Each of the entries beneath this task should be written out exactly.
*** Begin section ***
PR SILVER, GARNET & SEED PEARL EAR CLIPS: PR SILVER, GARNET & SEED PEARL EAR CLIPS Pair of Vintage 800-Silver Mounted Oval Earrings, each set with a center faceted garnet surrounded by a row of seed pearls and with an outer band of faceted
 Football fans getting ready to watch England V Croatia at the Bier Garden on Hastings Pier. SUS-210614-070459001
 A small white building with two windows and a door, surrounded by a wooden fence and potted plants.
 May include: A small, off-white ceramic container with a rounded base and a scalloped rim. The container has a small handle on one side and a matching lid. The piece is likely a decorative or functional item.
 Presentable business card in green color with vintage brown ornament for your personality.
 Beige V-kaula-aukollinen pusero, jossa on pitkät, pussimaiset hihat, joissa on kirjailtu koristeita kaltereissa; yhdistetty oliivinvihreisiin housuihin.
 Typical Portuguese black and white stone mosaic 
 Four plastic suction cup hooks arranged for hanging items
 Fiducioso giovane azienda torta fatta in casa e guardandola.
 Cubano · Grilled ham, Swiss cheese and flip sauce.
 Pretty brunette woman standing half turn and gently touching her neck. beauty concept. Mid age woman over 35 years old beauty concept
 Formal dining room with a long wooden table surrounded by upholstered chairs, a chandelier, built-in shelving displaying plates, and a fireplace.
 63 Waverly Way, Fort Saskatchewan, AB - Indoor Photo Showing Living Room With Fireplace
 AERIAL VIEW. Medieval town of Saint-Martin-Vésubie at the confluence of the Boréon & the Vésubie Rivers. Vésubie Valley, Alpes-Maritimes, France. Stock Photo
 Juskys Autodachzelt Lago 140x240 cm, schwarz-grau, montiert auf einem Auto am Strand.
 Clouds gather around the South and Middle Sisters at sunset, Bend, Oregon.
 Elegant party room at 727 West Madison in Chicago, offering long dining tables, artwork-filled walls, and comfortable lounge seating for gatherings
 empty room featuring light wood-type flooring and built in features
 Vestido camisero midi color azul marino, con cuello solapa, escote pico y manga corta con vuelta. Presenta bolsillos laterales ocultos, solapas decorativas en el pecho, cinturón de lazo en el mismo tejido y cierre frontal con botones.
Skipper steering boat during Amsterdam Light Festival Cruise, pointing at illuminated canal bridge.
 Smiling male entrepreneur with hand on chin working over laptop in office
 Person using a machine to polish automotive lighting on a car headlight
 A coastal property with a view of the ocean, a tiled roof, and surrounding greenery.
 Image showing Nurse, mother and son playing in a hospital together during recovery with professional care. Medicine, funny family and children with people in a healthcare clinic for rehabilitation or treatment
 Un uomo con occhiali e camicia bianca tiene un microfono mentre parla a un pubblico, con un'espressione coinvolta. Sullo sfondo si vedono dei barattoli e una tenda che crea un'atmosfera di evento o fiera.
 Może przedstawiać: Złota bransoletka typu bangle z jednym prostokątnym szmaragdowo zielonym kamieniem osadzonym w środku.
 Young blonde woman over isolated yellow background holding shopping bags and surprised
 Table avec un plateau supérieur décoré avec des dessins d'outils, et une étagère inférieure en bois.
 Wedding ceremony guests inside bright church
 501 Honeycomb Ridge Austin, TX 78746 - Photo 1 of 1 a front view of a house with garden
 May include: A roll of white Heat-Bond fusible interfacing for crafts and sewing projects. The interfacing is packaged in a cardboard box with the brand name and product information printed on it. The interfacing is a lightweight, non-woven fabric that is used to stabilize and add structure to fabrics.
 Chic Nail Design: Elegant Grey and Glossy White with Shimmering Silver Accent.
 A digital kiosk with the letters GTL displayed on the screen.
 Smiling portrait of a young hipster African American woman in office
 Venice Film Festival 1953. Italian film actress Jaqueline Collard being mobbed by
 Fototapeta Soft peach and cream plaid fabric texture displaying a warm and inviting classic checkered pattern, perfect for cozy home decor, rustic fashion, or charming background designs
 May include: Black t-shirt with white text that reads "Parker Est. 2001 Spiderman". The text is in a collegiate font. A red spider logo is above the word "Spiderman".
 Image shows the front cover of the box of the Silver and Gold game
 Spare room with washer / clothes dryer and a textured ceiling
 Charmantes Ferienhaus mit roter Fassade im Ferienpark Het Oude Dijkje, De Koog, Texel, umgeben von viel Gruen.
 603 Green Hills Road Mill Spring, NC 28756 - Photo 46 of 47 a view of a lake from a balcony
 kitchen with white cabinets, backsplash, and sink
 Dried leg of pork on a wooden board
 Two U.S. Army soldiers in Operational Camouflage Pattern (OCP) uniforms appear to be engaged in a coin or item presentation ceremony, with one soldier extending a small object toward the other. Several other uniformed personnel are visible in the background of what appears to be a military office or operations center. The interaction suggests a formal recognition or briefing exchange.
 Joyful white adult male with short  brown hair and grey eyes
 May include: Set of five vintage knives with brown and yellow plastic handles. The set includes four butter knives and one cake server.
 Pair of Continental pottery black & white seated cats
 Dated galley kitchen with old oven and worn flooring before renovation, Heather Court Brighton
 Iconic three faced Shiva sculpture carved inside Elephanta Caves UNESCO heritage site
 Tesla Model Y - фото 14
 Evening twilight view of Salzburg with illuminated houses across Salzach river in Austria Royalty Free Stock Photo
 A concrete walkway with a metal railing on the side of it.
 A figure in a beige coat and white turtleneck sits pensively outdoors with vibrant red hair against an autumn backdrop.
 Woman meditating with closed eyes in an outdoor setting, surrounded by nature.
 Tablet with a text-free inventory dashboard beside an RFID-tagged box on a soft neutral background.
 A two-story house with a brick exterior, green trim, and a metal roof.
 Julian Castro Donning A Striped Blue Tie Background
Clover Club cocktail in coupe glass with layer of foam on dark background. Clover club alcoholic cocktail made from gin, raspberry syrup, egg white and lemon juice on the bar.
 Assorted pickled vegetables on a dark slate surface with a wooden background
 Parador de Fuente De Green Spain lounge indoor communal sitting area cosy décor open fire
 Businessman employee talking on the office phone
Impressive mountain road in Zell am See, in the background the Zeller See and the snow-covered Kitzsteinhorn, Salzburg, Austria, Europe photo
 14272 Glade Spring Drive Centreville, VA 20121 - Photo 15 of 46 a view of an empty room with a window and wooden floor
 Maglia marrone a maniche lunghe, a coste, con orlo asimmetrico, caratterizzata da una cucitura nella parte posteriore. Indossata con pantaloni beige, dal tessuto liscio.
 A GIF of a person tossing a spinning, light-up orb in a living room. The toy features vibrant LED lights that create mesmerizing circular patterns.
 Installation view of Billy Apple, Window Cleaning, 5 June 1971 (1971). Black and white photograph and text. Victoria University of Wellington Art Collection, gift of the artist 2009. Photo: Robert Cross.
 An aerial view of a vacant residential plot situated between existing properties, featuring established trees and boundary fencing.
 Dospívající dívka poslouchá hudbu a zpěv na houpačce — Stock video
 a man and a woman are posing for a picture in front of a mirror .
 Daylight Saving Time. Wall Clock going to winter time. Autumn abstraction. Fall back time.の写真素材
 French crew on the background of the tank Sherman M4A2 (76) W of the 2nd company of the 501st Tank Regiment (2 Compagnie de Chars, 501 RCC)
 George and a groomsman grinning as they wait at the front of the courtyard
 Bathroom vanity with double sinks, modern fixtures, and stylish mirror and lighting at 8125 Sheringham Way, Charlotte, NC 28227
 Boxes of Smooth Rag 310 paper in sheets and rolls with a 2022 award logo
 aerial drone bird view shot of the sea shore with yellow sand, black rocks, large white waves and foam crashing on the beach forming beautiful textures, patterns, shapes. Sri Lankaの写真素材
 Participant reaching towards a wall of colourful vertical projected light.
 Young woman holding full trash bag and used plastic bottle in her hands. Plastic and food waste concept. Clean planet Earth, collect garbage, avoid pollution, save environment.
*** End section ***
● SOLUTION FOR THIS TASK
PR SILVER, GARNET & SEED PEARL EAR CLIPS: PR SILVER, GARNET & SEED PEARL EAR CLIPS Pair of Vintage 800-Silver Mounted Oval Earrings, each set with a center faceted garnet surrounded by a row of seed pearls and with an outer band of faceted
 Football fans getting ready to watch England V Croatia at the Bier Garden on Hastings Pier. SUS-210614-070459001
 A small white building with two windows and a door, surrounded by a wooden fence and potted plants.
 May include: A small, off-white ceramic container with a rounded base and a scalloped rim. The container has a small handle on one side and a matching lid. The piece is likely a decorative or functional item.
 Presentable business card in green color with vintage brown ornament for your personality.
 Beige V-kaula-aukollinen pusero, jossa on pitkät, pussimaiset hihat, joissa on kirjailtu koristeita kaltereissa; yhdistetty oliivinvihreisiin housuihin.
 Typical Portuguese black and white stone mosaic 
 Four plastic suction cup hooks arranged for hanging items
 Fiducioso giovane azienda torta fatta in casa e guardandola.
 Cubano · Grilled ham, Swiss cheese and flip sauce.
 Pretty brunette woman standing half turn and gently touching her neck. beauty concept. Mid age woman over 35 years old beauty concept
 Formal dining room with a long wooden table surrounded by upholstered chairs, a chandelier, built-in shelving displaying plates, and a fireplace.
 63 Waverly Way, Fort Saskatchewan, AB - Indoor Photo Showing Living Room With Fireplace
 AERIAL VIEW. Medieval town of Saint-Martin-Vésubie at the confluence of the Boréon & the Vésubie Rivers. Vésubie Valley, Alpes-Maritimes, France. Stock Photo
 Juskys Autodachzelt Lago 140x240 cm, schwarz-grau, montiert auf einem Auto am Strand.
 Clouds gather around the South and Middle Sisters at sunset, Bend, Oregon.
 Elegant party room at 727 West Madison in Chicago, offering long dining tables, artwork-filled walls, and comfortable lounge seating for gatherings
 empty room featuring light wood-type flooring and built in features
 Vestido camisero midi color azul marino, con cuello solapa, escote pico y manga corta con vuelta. Presenta bolsillos laterales ocultos, solapas decorativas en el pecho, cinturón de lazo en el mismo tejido y cierre frontal con botones.
Skipper steering boat during Amsterdam Light Festival Cruise, pointing at illuminated canal bridge.
 Smiling male entrepreneur with hand on chin working over laptop in office
 Person using a machine to polish automotive lighting on a car headlight
 A coastal property with a view of the ocean, a tiled roof, and surrounding greenery.
 Image showing Nurse, mother and son playing in a hospital together during recovery with professional care. Medicine, funny family and children with people in a healthcare clinic for rehabilitation or treatment
 Un uomo con occhiali e camicia bianca tiene un microfono mentre parla a un pubblico, con un'espressione coinvolta. Sullo sfondo si vedono dei barattoli e una tenda che crea un'atmosfera di evento o fiera.
 Może przedstawiać: Złota bransoletka typu bangle z jednym prostokątnym szmaragdowo zielonym kamieniem osadzonym w środku.
 Young blonde woman over isolated yellow background holding shopping bags and surprised
 Table avec un plateau supérieur décoré avec des dessins d'outils, et une étagère inférieure en bois.
 Wedding ceremony guests inside bright church
 501 Honeycomb Ridge Austin, TX 78746 - Photo 1 of 1 a front view of a house with garden
 May include: A roll of white Heat-Bond fusible interfacing for crafts and sewing projects. The interfacing is packaged in a cardboard box with the brand name and product information printed on it. The interfacing is a lightweight, non-woven fabric that is used to stabilize and add structure to fabrics.
 Chic Nail Design: Elegant Grey and Glossy White with Shimmering Silver Accent.
 A digital kiosk with the letters GTL displayed on the screen.
 Smiling portrait of a young hipster African American woman in office
 Venice Film Festival 1953. Italian film actress Jaqueline Collard being mobbed by
 Fototapeta Soft peach and cream plaid fabric texture displaying a warm and inviting classic checkered pattern, perfect for cozy home decor, rustic fashion, or charming background designs
 May include: Black t-shirt with white text that reads "Parker Est. 2001 Spiderman". The text is in a collegiate font. A red spider logo is above the word "Spiderman".
 Image shows the front cover of the box of the Silver and Gold game
 Spare room with washer / clothes dryer and a textured ceiling
 Charmantes Ferienhaus mit roter Fassade im Ferienpark Het Oude Dijkje, De Koog, Texel, umgeben von viel Gruen.
 603 Green Hills Road Mill Spring, NC 28756 - Photo 46 of 47 a view of a lake from a balcony
 kitchen with white cabinets, backsplash, and sink
 Dried leg of pork on a wooden board
 Two U.S. Army soldiers in Operational Camouflage Pattern (OCP) uniforms appear to be engaged in a coin or item presentation ceremony, with one soldier extending a small object toward the other. Several other uniformed personnel are visible in the background of what appears to be a military office or operations center. The interaction suggests a formal recognition or briefing exchange.
 Joyful white adult male with short  brown hair and grey eyes
 May include: Set of five vintage knives with brown and yellow plastic handles. The set includes four butter knives and one cake server.
 Pair of Continental pottery black & white seated cats
 Dated galley kitchen with old oven and worn flooring before renovation, Heather Court Brighton
 Iconic three faced Shiva sculpture carved inside Elephanta Caves UNESCO heritage site
 Tesla Model Y - фото 14
 Evening twilight view of Salzburg with illuminated houses across Salzach river in Austria Royalty Free Stock Photo
 A concrete walkway with a metal railing on the side of it.
 A figure in a beige coat and white turtleneck sits pensively outdoors with vibrant red hair against an autumn backdrop.
 Woman meditating with closed eyes in an outdoor setting, surrounded by nature.
 Tablet with a text-free inventory dashboard beside an RFID-tagged box on a soft neutral background.
 A two-story house with a brick exterior, green trim, and a metal roof.
 Julian Castro Donning A Striped Blue Tie Background
Clover Club cocktail in coupe glass with layer of foam on dark background. Clover club alcoholic cocktail made from gin, raspberry syrup, egg white and lemon juice on the bar.
 Assorted pickled vegetables on a dark slate surface with a wooden background
 Parador de Fuente De Green Spain lounge indoor communal sitting area cosy décor open fire
 Businessman employee talking on the office phone
Impressive mountain road in Zell am See, in the background the Zeller See and the snow-covered Kitzsteinhorn, Salzburg, Austria, Europe photo
 14272 Glade Spring Drive Centreville, VA 20121 - Photo 15 of 46 a view of an empty room with a window and wooden floor
 Maglia marrone a maniche lunghe, a coste, con orlo asimmetrico, caratterizzata da una cucitura nella parte posteriore. Indossata con pantaloni beige, dal tessuto liscio.
 A GIF of a person tossing a spinning, light-up orb in a living room. The toy features vibrant LED lights that create mesmerizing circular patterns.
 Installation view of Billy Apple, Window Cleaning, 5 June 1971 (1971). Black and white photograph and text. Victoria University of Wellington Art Collection, gift of the artist 2009. Photo: Robert Cross.
 An aerial view of a vacant residential plot situated between existing properties, featuring established trees and boundary fencing.
 Dospívající dívka poslouchá hudbu a zpěv na houpačce — Stock video
 a man and a woman are posing for a picture in front of a mirror .
 Daylight Saving Time. Wall Clock going to winter time. Autumn abstraction. Fall back time.の写真素材
 French crew on the background of the tank Sherman M4A2 (76) W of the 2nd company of the 501st Tank Regiment (2 Compagnie de Chars, 501 RCC)
 George and a groomsman grinning as they wait at the front of the courtyard
 Bathroom vanity with double sinks, modern fixtures, and stylish mirror and lighting at 8125 Sheringham Way, Charlotte, NC 28227
 Boxes of Smooth Rag 310 paper in sheets and rolls with a 2022 award logo
 aerial drone bird view shot of the sea shore with yellow sand, black rocks, large white waves and foam crashing on the beach forming beautiful textures, patterns, shapes. Sri Lankaの写真素材
 Participant reaching towards a wall of colourful vertical projected light.
 Young woman holding full trash bag and used plastic bottle in her hands. Plastic and food waste concept. Clean planet Earth, collect garbage, avoid pollution, save environment.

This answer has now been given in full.